* [Directions]: Without any of their pictures, return all of the records exactly.

**** Listed entries

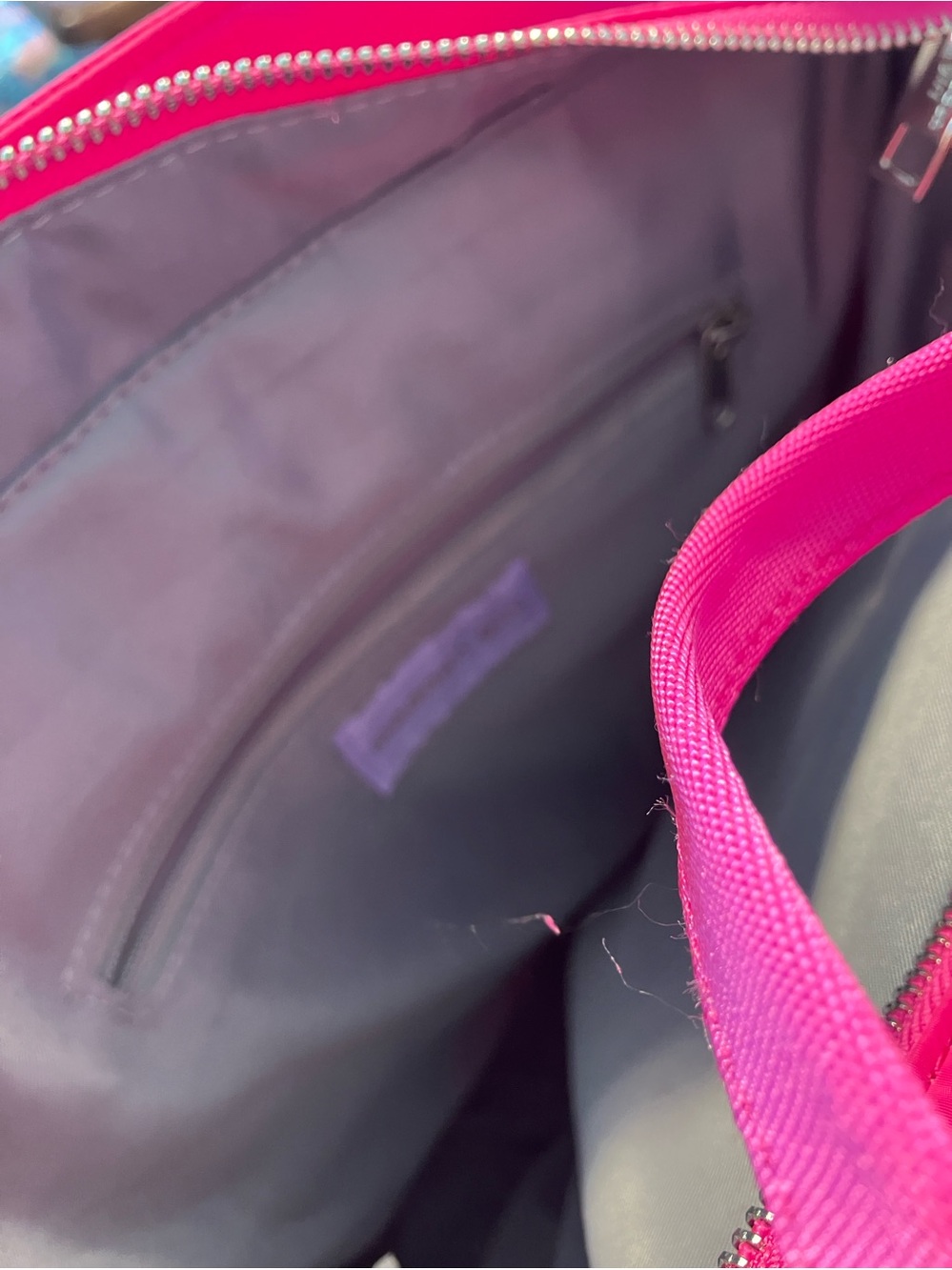 Madden Girl Hot Pink Nylon Tote Backpack - Picture 8 of 11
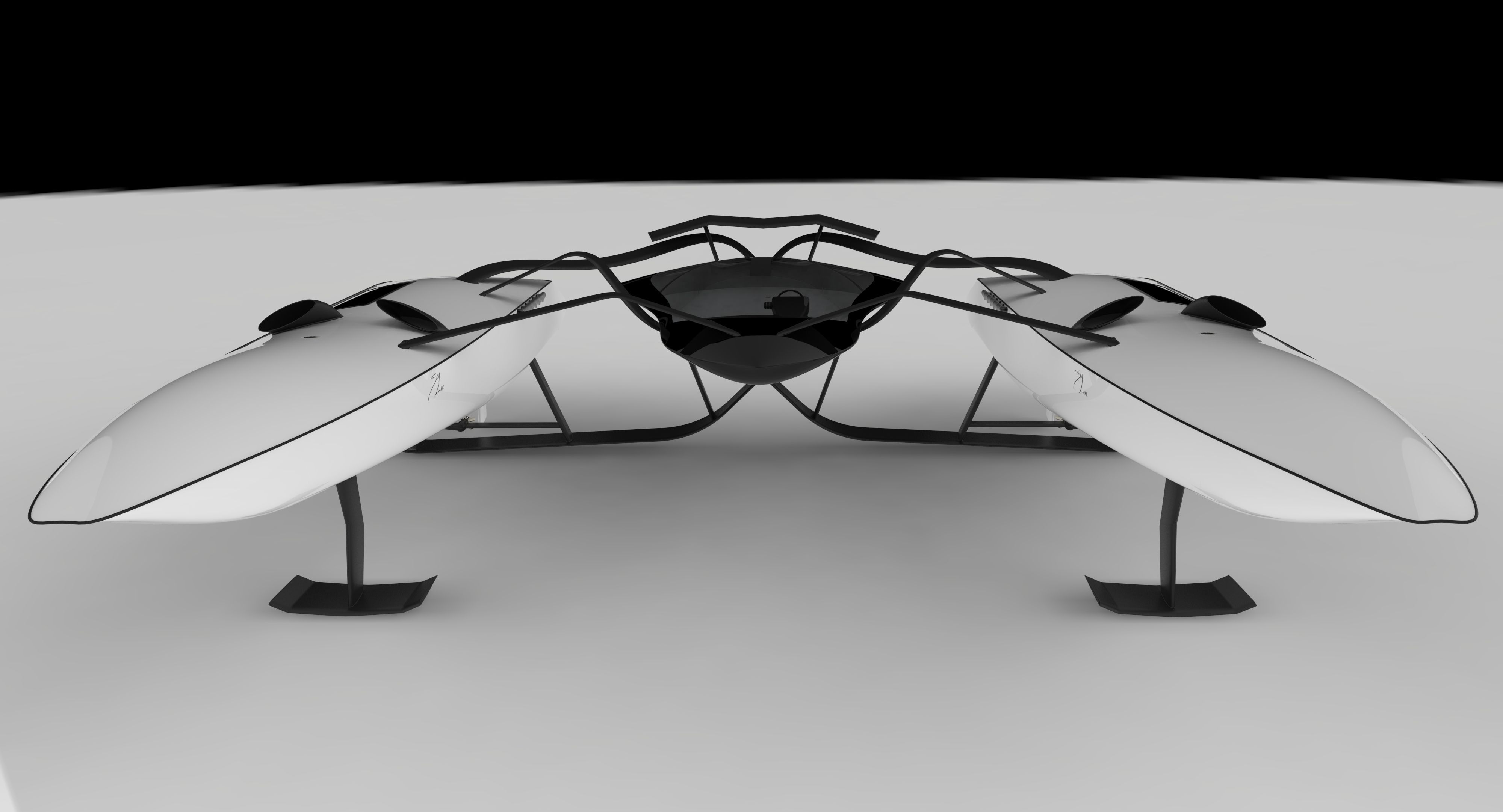 SeaLine hovercraft Free 3D model_4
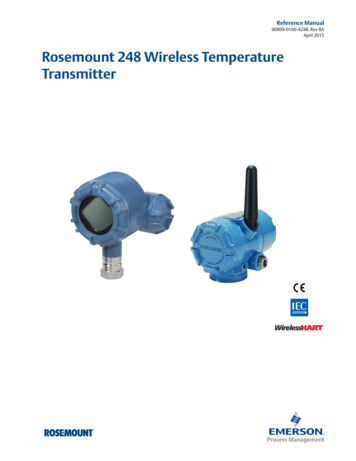 Rosemount 248 Wireless Temperature Transmitter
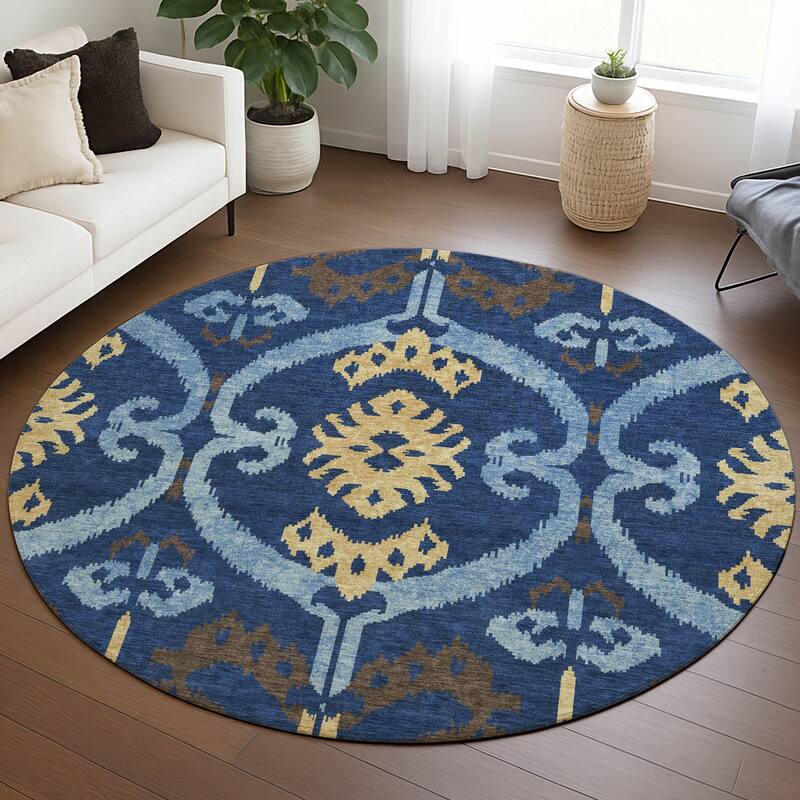 Machine Washable Indoor/ Outdoor Global Empire Chantille Rug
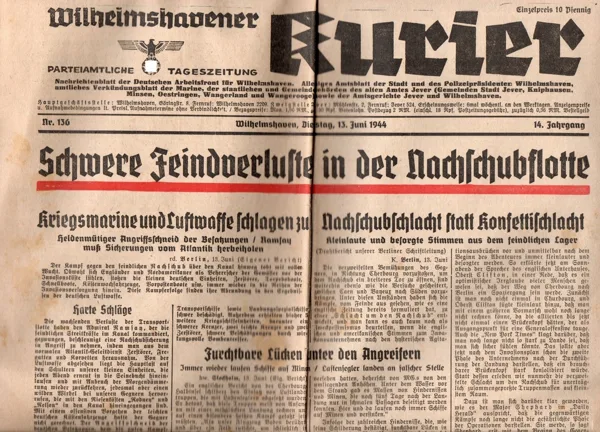 Wilhelmshavener  Kurier 13.06.1944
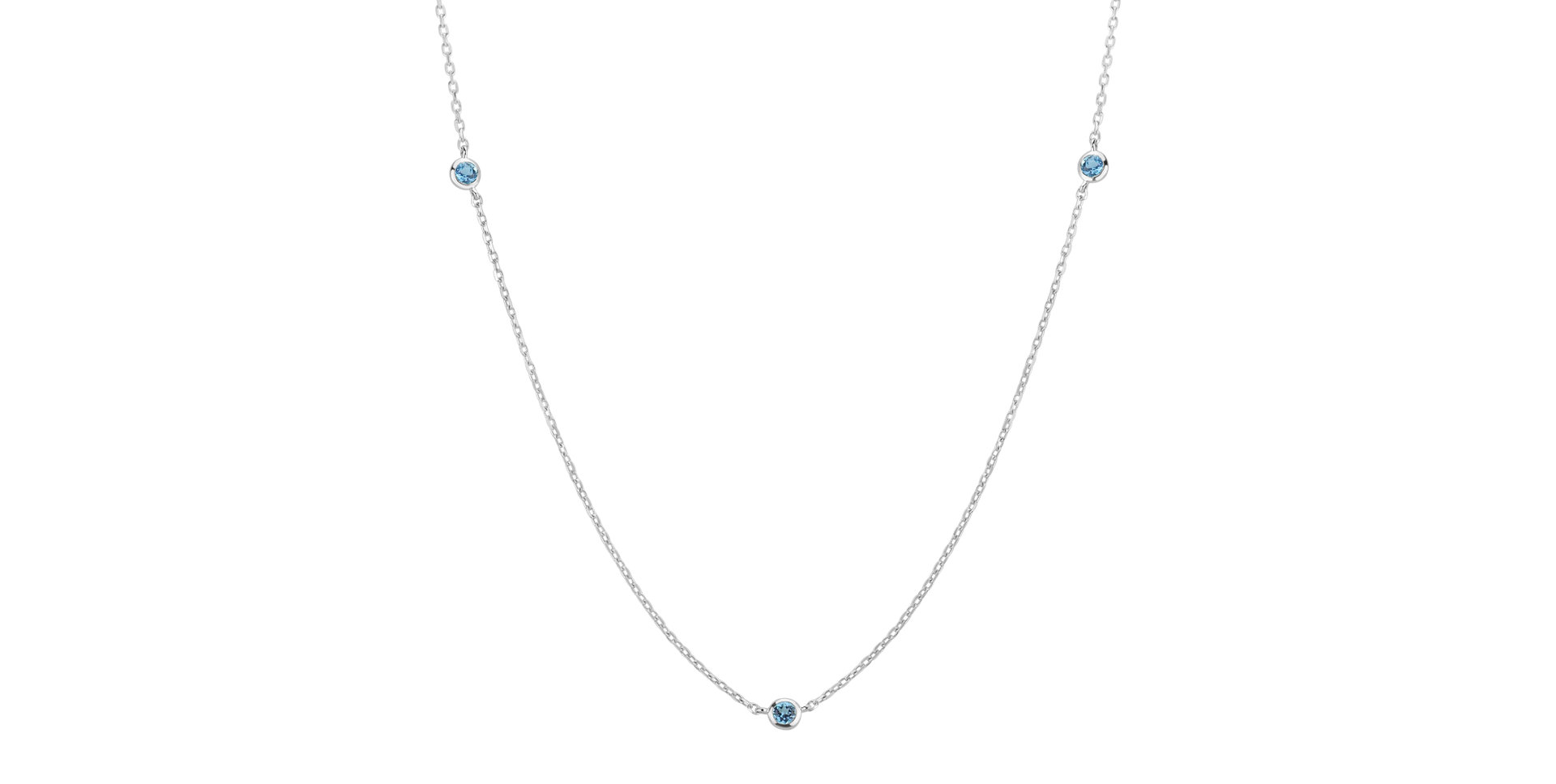 Náhrdelník s topazy Rain Hope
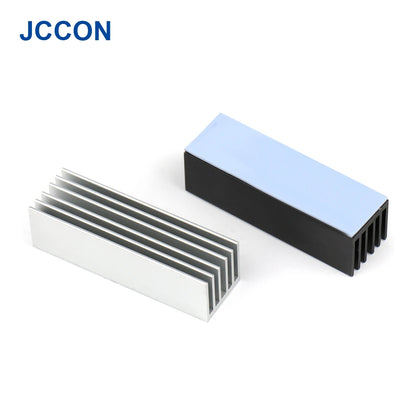 Compact Aluminum Cooling Heatsink 9x9x12mm with Adhesive Tape for Raspberry Pi 3B and IC Chips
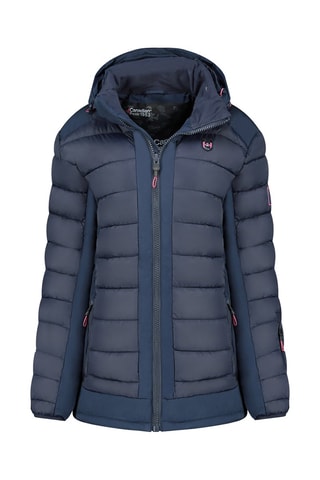 Gewatteerde Jas met Capuchon - Marineblauw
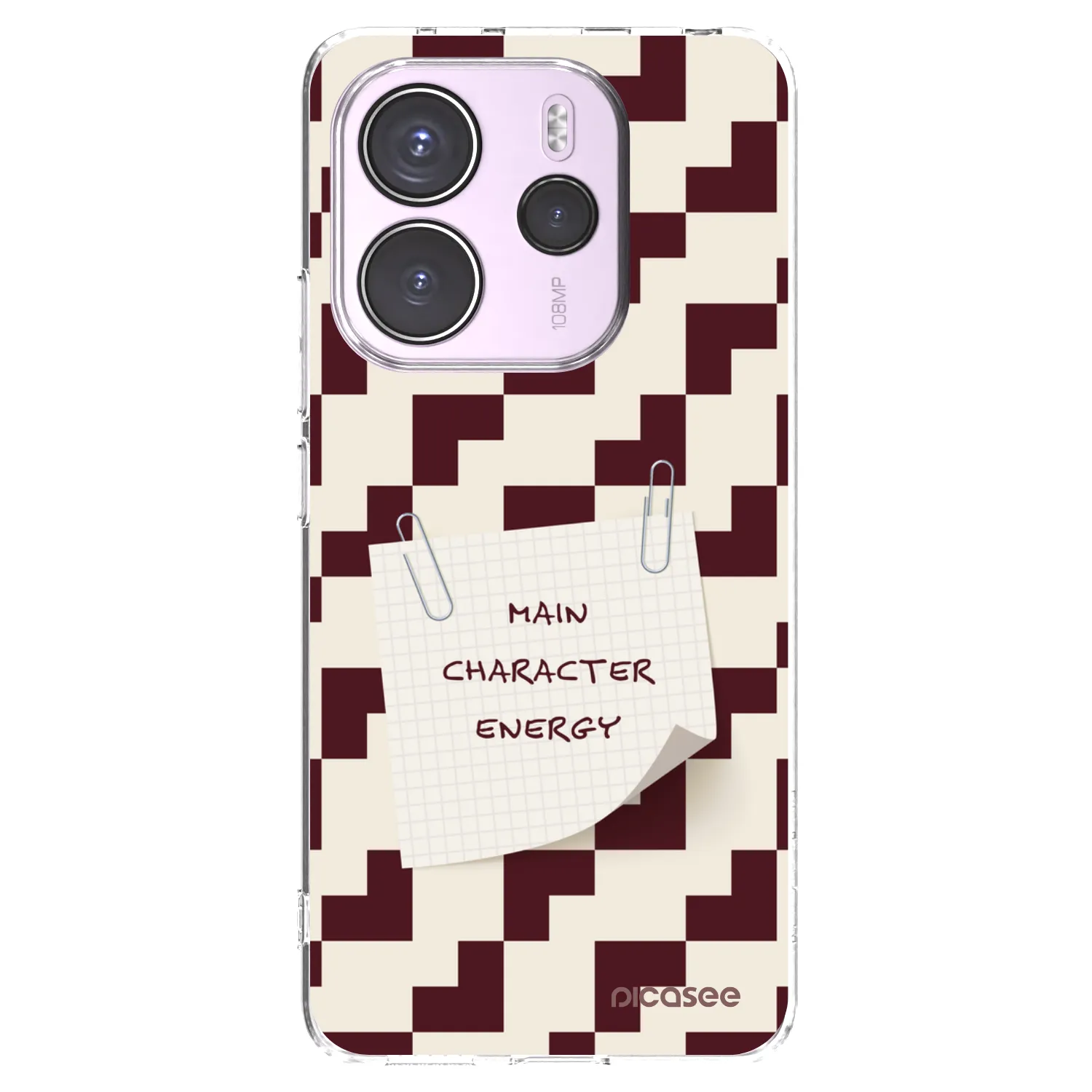 Picasee Xiaomi Redmi Note 14 4G Hülle - Transparentes Silikon - Lead Role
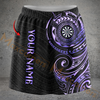 Maxcorners Darts Black Gold Tribal Maori Dartboard Personalized 3D Skirts With Shorts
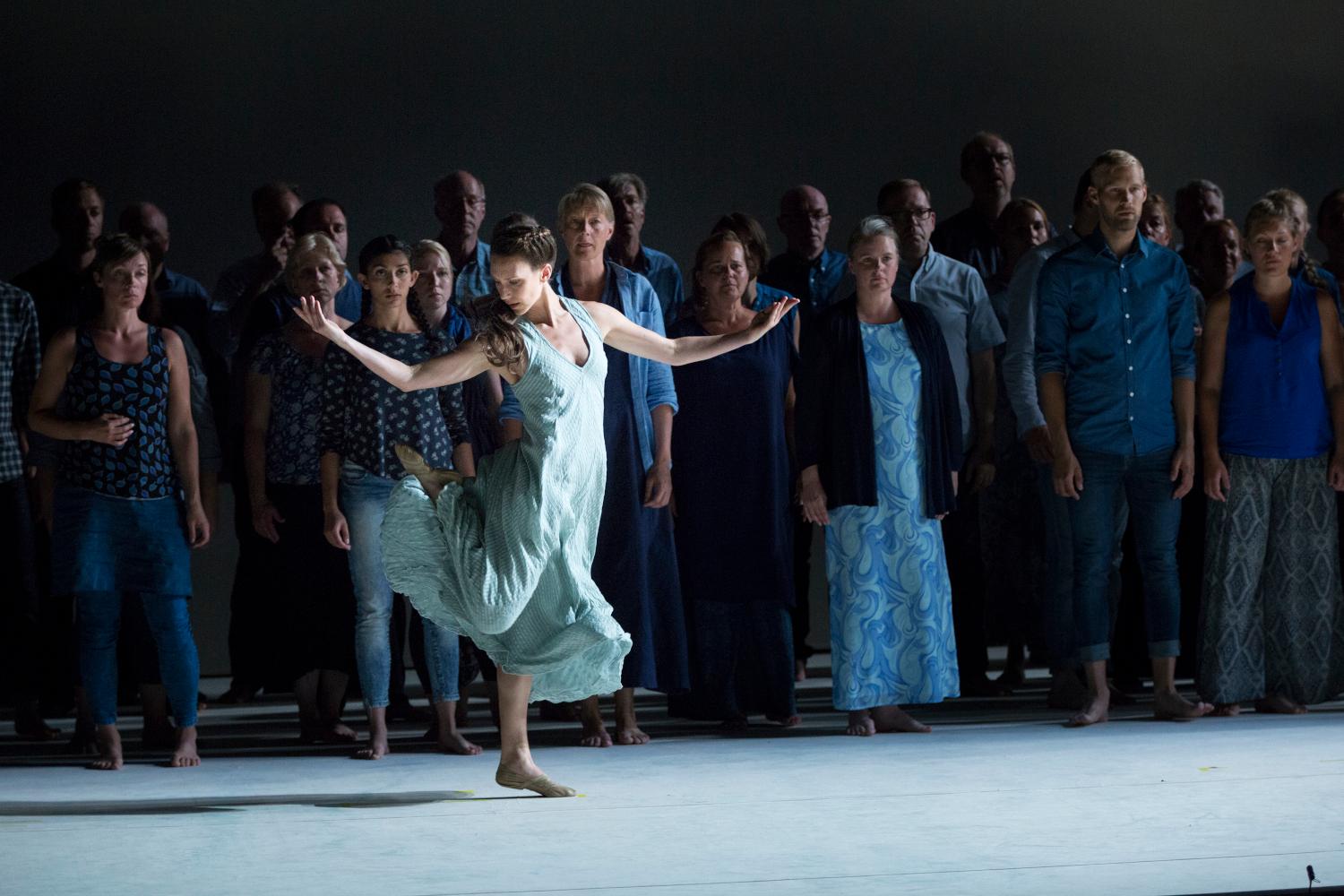 Œdipus Rex / Symphonie de Psaumes de Stravinski, mise en scène de Peter Sellars - Festival d'Aix-en-Provence 2016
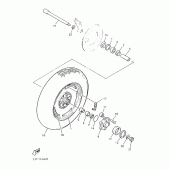 Схема вузла: Заднє колесо Yamaha VMX12 V-MAX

********

* [Result of this exercise]:
 Madden Girl Hot Pink Nylon Tote Backpack - Picture 8 of 11
 SeaLine hovercraft Free 3D model_4
 Rosemount 248 Wireless Temperature Transmitter
 Machine Washable Indoor/ Outdoor Global Empire Chantille Rug
 Wilhelmshavener  Kurier 13.06.1944
 Náhrdelník s topazy Rain Hope
 Compact Aluminum Cooling Heatsink 9x9x12mm with Adhesive Tape for Raspberry Pi 3B and IC Chips
 Gewatteerde Jas met Capuchon - Marineblauw
 Picasee Xiaomi Redmi Note 14 4G Hülle - Transparentes Silikon - Lead Role
 Maxcorners Darts Black Gold Tribal Maori Dartboard Personalized 3D Skirts With Shorts
 Œdipus Rex / Symphonie de Psaumes de Stravinski, mise en scène de Peter Sellars - Festival d'Aix-en-Provence 2016
 Схема вузла: Заднє колесо Yamaha VMX12 V-MAX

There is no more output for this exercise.